:: What you are asked to do ::
Below are some records; return each one exactly.

Records from a dataset:
----------------------------------------
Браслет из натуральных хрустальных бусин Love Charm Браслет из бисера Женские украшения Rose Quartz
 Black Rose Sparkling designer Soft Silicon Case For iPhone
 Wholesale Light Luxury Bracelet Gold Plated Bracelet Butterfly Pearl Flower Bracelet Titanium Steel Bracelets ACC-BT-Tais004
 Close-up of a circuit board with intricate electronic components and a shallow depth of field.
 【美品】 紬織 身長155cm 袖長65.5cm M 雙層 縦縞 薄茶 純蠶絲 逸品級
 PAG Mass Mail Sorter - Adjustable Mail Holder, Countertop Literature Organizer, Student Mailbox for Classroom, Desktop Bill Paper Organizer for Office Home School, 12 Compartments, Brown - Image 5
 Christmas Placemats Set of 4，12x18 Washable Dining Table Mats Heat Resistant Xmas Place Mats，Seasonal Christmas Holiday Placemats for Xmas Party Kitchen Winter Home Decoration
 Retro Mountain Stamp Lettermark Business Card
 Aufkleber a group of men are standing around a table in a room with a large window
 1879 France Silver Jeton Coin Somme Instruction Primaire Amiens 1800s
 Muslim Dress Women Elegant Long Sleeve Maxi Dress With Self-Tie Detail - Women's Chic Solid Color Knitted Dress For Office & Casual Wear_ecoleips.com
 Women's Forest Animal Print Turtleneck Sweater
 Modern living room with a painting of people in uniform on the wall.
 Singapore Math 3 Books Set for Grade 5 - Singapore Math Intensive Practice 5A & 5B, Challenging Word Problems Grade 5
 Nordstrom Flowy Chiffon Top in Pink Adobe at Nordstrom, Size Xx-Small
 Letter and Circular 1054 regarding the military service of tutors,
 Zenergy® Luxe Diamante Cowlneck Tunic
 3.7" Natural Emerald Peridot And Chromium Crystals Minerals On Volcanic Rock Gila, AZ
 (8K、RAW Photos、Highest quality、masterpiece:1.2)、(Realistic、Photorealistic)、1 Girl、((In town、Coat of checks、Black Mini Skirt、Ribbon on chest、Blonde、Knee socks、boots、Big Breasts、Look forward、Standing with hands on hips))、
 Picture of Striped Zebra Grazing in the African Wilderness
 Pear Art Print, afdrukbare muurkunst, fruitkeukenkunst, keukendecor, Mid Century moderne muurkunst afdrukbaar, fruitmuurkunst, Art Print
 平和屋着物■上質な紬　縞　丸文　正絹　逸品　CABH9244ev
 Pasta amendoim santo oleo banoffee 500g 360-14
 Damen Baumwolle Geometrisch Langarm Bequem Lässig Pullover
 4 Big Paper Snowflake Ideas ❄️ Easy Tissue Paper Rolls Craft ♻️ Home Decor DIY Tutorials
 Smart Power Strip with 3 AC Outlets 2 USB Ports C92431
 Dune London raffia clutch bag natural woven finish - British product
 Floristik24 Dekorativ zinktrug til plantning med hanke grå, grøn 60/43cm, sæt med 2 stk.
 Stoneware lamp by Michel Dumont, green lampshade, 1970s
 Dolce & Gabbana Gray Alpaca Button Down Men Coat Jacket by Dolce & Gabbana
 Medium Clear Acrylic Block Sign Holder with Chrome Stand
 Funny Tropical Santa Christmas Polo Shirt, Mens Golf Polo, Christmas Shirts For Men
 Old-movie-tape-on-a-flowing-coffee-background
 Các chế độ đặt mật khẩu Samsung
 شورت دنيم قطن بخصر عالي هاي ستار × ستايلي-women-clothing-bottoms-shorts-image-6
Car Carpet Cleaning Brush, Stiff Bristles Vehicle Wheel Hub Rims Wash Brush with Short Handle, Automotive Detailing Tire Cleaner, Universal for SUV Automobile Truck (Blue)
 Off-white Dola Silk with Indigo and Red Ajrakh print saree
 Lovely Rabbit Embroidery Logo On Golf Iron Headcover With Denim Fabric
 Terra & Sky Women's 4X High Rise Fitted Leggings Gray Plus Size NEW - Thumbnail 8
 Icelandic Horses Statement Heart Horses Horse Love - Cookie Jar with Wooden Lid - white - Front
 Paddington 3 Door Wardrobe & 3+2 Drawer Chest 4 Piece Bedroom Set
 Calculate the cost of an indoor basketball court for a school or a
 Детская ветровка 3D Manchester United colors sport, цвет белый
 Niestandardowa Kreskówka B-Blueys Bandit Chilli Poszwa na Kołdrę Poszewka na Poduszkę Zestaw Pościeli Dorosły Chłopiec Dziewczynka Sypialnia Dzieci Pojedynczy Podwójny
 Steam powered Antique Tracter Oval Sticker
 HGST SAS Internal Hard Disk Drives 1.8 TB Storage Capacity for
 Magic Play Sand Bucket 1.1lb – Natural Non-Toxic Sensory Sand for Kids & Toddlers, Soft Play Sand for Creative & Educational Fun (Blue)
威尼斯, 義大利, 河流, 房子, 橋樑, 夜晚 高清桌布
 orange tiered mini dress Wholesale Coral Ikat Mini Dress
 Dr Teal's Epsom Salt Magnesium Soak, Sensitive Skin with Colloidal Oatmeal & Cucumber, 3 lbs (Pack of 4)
----------------------------------------
:: Your solution ::
Браслет из натуральных хрустальных бусин Love Charm Браслет из бисера Женские украшения Rose Quartz
 Black Rose Sparkling designer Soft Silicon Case For iPhone
 Wholesale Light Luxury Bracelet Gold Plated Bracelet Butterfly Pearl Flower Bracelet Titanium Steel Bracelets ACC-BT-Tais004
 Close-up of a circuit board with intricate electronic components and a shallow depth of field.
 【美品】 紬織 身長155cm 袖長65.5cm M 雙層 縦縞 薄茶 純蠶絲 逸品級
 PAG Mass Mail Sorter - Adjustable Mail Holder, Countertop Literature Organizer, Student Mailbox for Classroom, Desktop Bill Paper Organizer for Office Home School, 12 Compartments, Brown - Image 5
 Christmas Placemats Set of 4，12x18 Washable Dining Table Mats Heat Resistant Xmas Place Mats，Seasonal Christmas Holiday Placemats for Xmas Party Kitchen Winter Home Decoration
 Retro Mountain Stamp Lettermark Business Card
 Aufkleber a group of men are standing around a table in a room with a large window
 1879 France Silver Jeton Coin Somme Instruction Primaire Amiens 1800s
 Muslim Dress Women Elegant Long Sleeve Maxi Dress With Self-Tie Detail - Women's Chic Solid Color Knitted Dress For Office & Casual Wear_ecoleips.com
 Women's Forest Animal Print Turtleneck Sweater
 Modern living room with a painting of people in uniform on the wall.
 Singapore Math 3 Books Set for Grade 5 - Singapore Math Intensive Practice 5A & 5B, Challenging Word Problems Grade 5
 Nordstrom Flowy Chiffon Top in Pink Adobe at Nordstrom, Size Xx-Small
 Letter and Circular 1054 regarding the military service of tutors,
 Zenergy® Luxe Diamante Cowlneck Tunic
 3.7" Natural Emerald Peridot And Chromium Crystals Minerals On Volcanic Rock Gila, AZ
 (8K、RAW Photos、Highest quality、masterpiece:1.2)、(Realistic、Photorealistic)、1 Girl、((In town、Coat of checks、Black Mini Skirt、Ribbon on chest、Blonde、Knee socks、boots、Big Breasts、Look forward、Standing with hands on hips))、
 Picture of Striped Zebra Grazing in the African Wilderness
 Pear Art Print, afdrukbare muurkunst, fruitkeukenkunst, keukendecor, Mid Century moderne muurkunst afdrukbaar, fruitmuurkunst, Art Print
 平和屋着物■上質な紬　縞　丸文　正絹　逸品　CABH9244ev
 Pasta amendoim santo oleo banoffee 500g 360-14
 Damen Baumwolle Geometrisch Langarm Bequem Lässig Pullover
 4 Big Paper Snowflake Ideas ❄️ Easy Tissue Paper Rolls Craft ♻️ Home Decor DIY Tutorials
 Smart Power Strip with 3 AC Outlets 2 USB Ports C92431
 Dune London raffia clutch bag natural woven finish - British product
 Floristik24 Dekorativ zinktrug til plantning med hanke grå, grøn 60/43cm, sæt med 2 stk.
 Stoneware lamp by Michel Dumont, green lampshade, 1970s
 Dolce & Gabbana Gray Alpaca Button Down Men Coat Jacket by Dolce & Gabbana
 Medium Clear Acrylic Block Sign Holder with Chrome Stand
 Funny Tropical Santa Christmas Polo Shirt, Mens Golf Polo, Christmas Shirts For Men
 Old-movie-tape-on-a-flowing-coffee-background
 Các chế độ đặt mật khẩu Samsung
 شورت دنيم قطن بخصر عالي هاي ستار × ستايلي-women-clothing-bottoms-shorts-image-6
Car Carpet Cleaning Brush, Stiff Bristles Vehicle Wheel Hub Rims Wash Brush with Short Handle, Automotive Detailing Tire Cleaner, Universal for SUV Automobile Truck (Blue)
 Off-white Dola Silk with Indigo and Red Ajrakh print saree
 Lovely Rabbit Embroidery Logo On Golf Iron Headcover With Denim Fabric
 Terra & Sky Women's 4X High Rise Fitted Leggings Gray Plus Size NEW - Thumbnail 8
 Icelandic Horses Statement Heart Horses Horse Love - Cookie Jar with Wooden Lid - white - Front
 Paddington 3 Door Wardrobe & 3+2 Drawer Chest 4 Piece Bedroom Set
 Calculate the cost of an indoor basketball court for a school or a
 Детская ветровка 3D Manchester United colors sport, цвет белый
 Niestandardowa Kreskówka B-Blueys Bandit Chilli Poszwa na Kołdrę Poszewka na Poduszkę Zestaw Pościeli Dorosły Chłopiec Dziewczynka Sypialnia Dzieci Pojedynczy Podwójny
 Steam powered Antique Tracter Oval Sticker
 HGST SAS Internal Hard Disk Drives 1.8 TB Storage Capacity for
 Magic Play Sand Bucket 1.1lb – Natural Non-Toxic Sensory Sand for Kids & Toddlers, Soft Play Sand for Creative & Educational Fun (Blue)
威尼斯, 義大利, 河流, 房子, 橋樑, 夜晚 高清桌布
 orange tiered mini dress Wholesale Coral Ikat Mini Dress
 Dr Teal's Epsom Salt Magnesium Soak, Sensitive Skin with Colloidal Oatmeal & Cucumber, 3 lbs (Pack of 4)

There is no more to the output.